This test configures 4 double-precision vertex arrays as inputs and uses a trivial shader with transform feedback to write the data out. XFB output 6 (which comes from an immediate-mode value) and output 7 (which comes from the last vertex array) have incorrect values.
I investigated this a bit:
* I modified the shader to use immediate values to set the outputs. This produced the correct results, so I believe that XFB of doubles works correctly.
* I thought some of the offsets or strides (vertex array 7 uses a zero stride to get the same value for both vertices) could cause problems. Modifying those values did not help.
* Disabling one of the earlier vertex arrays (I commented out the "glEnableVertexAttribArray(5);" line and the lines that set expected_data and [5+8]) causes outputs 6 and 7 to get the expected values.
GL45-CTS.vertex_attrib_binding.basic-inputL-case2 is very similar. However, it only uses 3 inputs, and it passes.
My current theory is that having 4+ 64-bit inputs causes problems. I don't know that code very well, so I'm not sure where to start looking. I'll come back to this problem later, but if someone more familiar with that code has any bright ideas, feel free to take the bug.
I observed this on BDW, but the test is also known to fail on SKL.
the problem happens when we declare dvec4 variables in the shader _and_ we set their size to 2 by calling either to glVertexAttribLFormat or glVertexAttribLPointer. The same error will happen if we declare in the shader dvec3 variables and set their size to something smaller than 3. Notice that only dvec4 or dvec3 variables which size is declared as 1 or 2 will be problematic because of what I am explaining next (declaring a dvec4 and setting its size to 3 it will not cause problems).

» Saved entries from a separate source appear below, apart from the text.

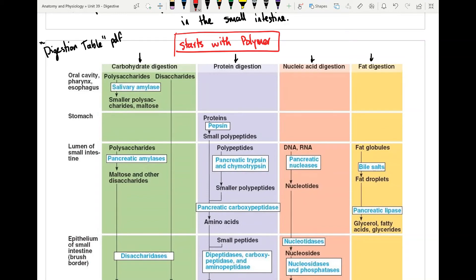For proteins, nothing is broken down in the mouth. The first place protein is broken down is in the stomach, where pepsin — produced in the inner wall of the stomach — breaks polypeptides into smaller peptides. These peptides are further broken down by trypsin and other enzymes until they become amino acids. Any polypeptides remaining in the lumen as they move through the small intestine will eventually be chopped down into amino acids.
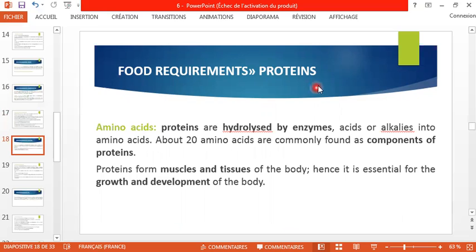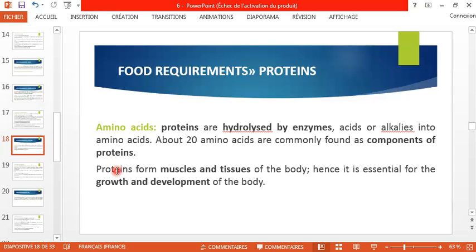Now we move to proteins. Amino acids are the precursors of proteins. Proteins are hydrolyzed by enzymes and can also be hydrolyzed by acids or alkalis into amino acids. About 20 amino acids are commonly found as components of proteins. Proteins form the muscles and tissues of the body, and hence they are essential for the growth and development of the body.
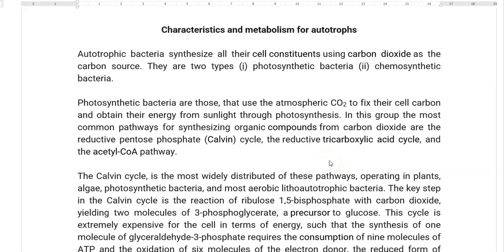In this screencast video lecture, we will try to understand the characteristics and metabolism of autotrophic organisms. Autotrophic bacteria synthesize all their cellular constituents using carbon dioxide as a sole carbon source. They are divided into two types: photosynthetic bacteria and chemosynthetic bacteria.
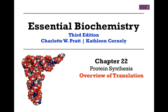Our first video lesson on Chapter 22, Protein Synthesis, is an overview of translation.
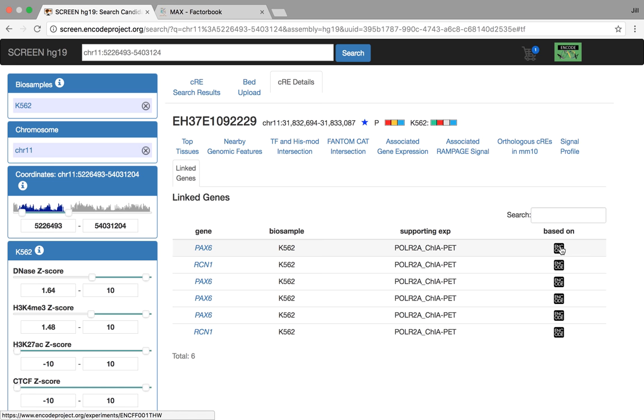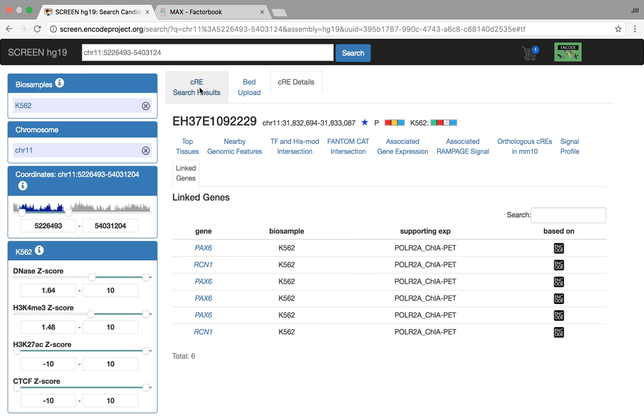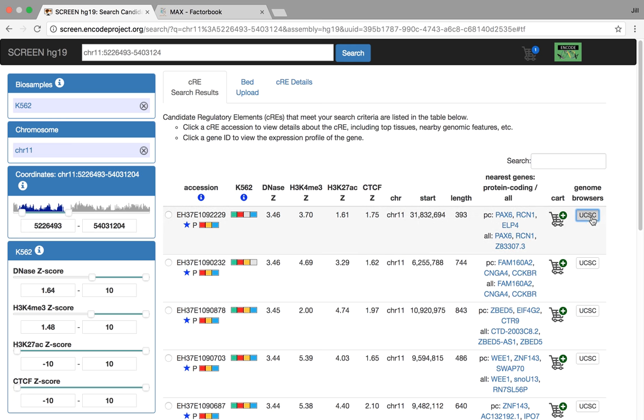Okay. So that's the CRE details for you. A lot of people when they come to this, the most important thing in many ways is to look at this in the genome browser. And we've tried to build a bunch of tools to help you configure the genome browser, give you the best experience when looking at the CREs in UCSC.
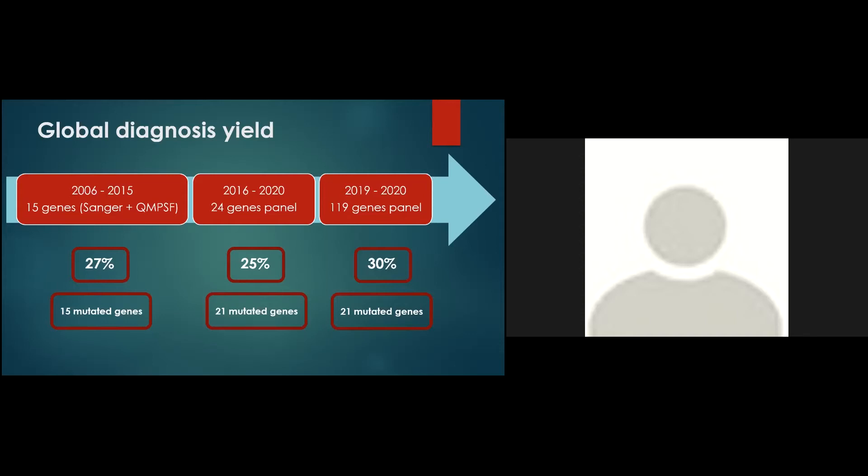And last but not least, with the introductions of panel of genes and the ease of application, we enlarged the indication for the purpose of molecular diagnosis, testing genes in phenotypes such as isolated coloboma, optic nerve hypoplasia, or also congenital cataract, nystagmus, glaucoma, where the diagnosis yield is known to be weak.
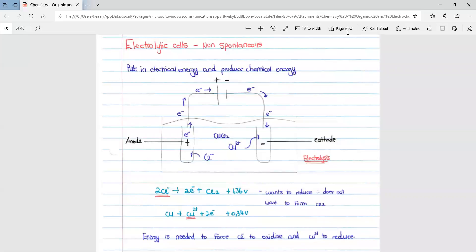This lesson is on electrochemistry, focusing on electrolytic cells, specifically the non-spontaneous electrolytic cells. The energy change that happens in electrolytic cells is the change from electrical energy into chemical energy. We put in electrical energy and produce chemical energy.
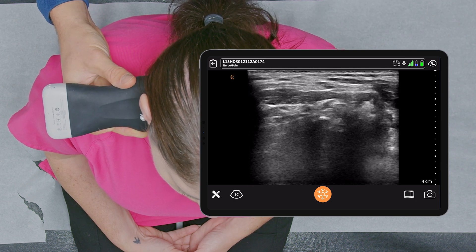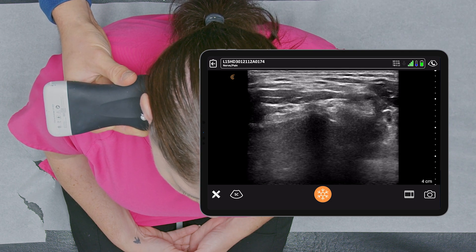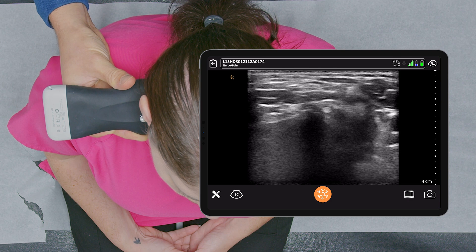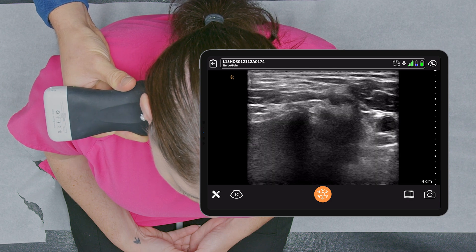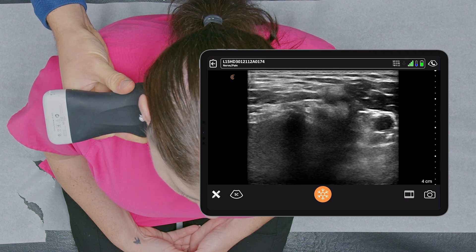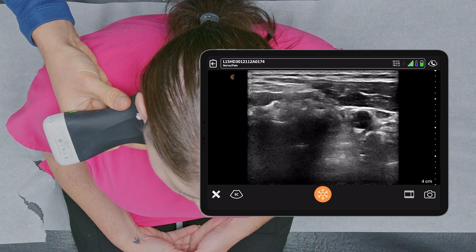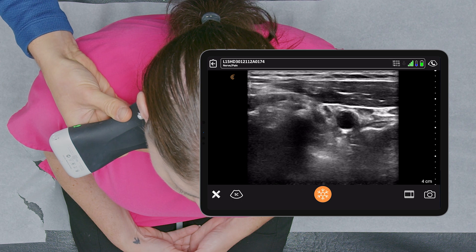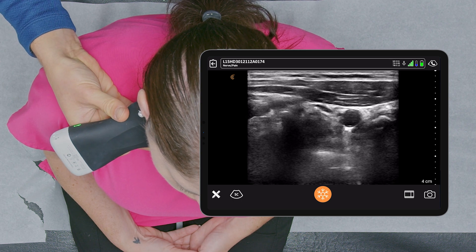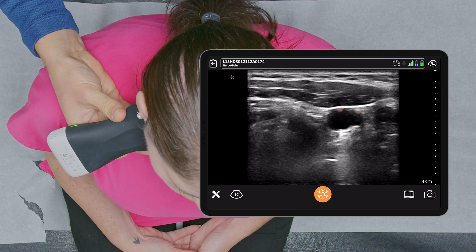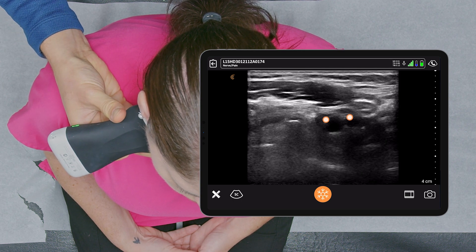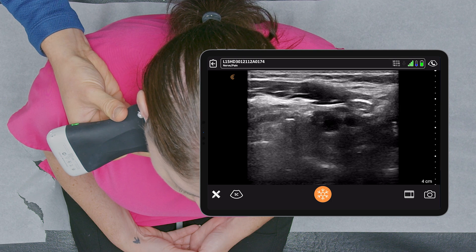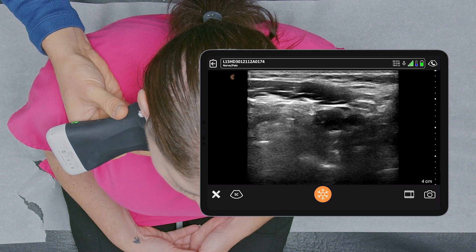So once again, the posterior tubercle is larger above C5, and that's more or less how we know we're around the level of C4. Also, the carotid artery will bifurcate, as you see here, at the level of C4 or C3 in most patients.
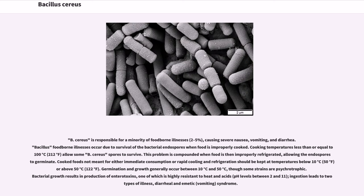B. cereus is responsible for a minority of foodborne illnesses, causing severe nausea, vomiting, and diarrhea. Bacillus foodborne illnesses occur due to survival of the bacterial endospores when food is improperly cooked; cooking temperatures less than or equal to 100 degrees Celsius allow some B. cereus spores to survive. This problem is compounded when food is then improperly refrigerated, allowing the endospores to germinate. Cooked foods should be kept below 10 degrees Celsius or above 50 degrees Celsius, as germination and growth generally occur between those temperatures, though some strains are psychrotrophic.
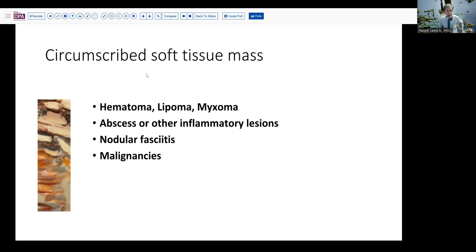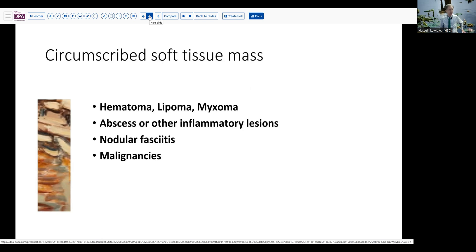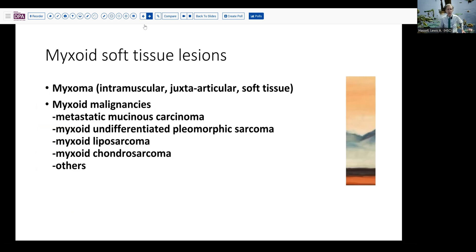So in this patient, needle aspiration was done, which produced a fairly abundant myxoid mucoid material, relatively sparse in cellularity, but mostly bland spindle and stellate cells without much in the way of distinguishing characteristics. So with the appraisal that it was a myxoid lesion, that changes the differential consideration a little bit. We mentioned the benign lesions — the intramuscular or juxtaarticular myxoid lesions could be a consideration, such as soft tissue myxoma. And then there are a number of malignancies, which can have myxoid features on needle aspiration and, of course, surgical resection.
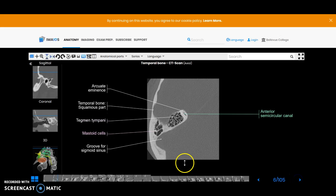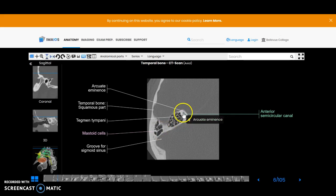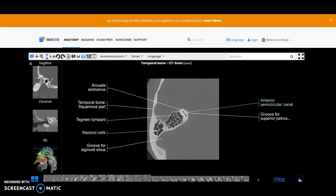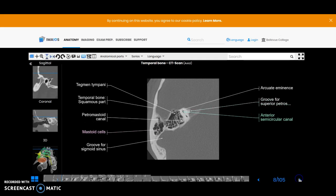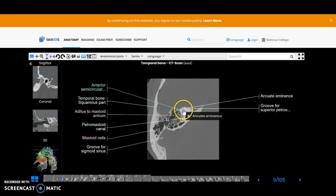More of the mastoid air cells and you're catching the very top part of the anterior semicircular canal. And again you're catching just slices of the two semicircular canals here.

The current implementation of the ARB_vertex_attrib_64bit extension uses 256-bits to store 4-size and 3-size dvec attributes and 128-bits to store 1-size and 2-size dvec attributes during the vertices emision, for that matter the size set using the glVertexAttribLFormat or glVertexAttribLPointer is used. But when assigning which registers of the payload contain the values for each attribute, we use the information in the shader so we see a dvec4 variable and we consider that its size its 4, taking more space for it than we should.
In the test we have a dvec4 variable declared in the shader and which size is later set to 2 using the API, so our dvec4 variable will occupy 128-bits in the payload but when assigning the registers we will give her 256-bits so it will be stealing space that corresponds to the next attribute.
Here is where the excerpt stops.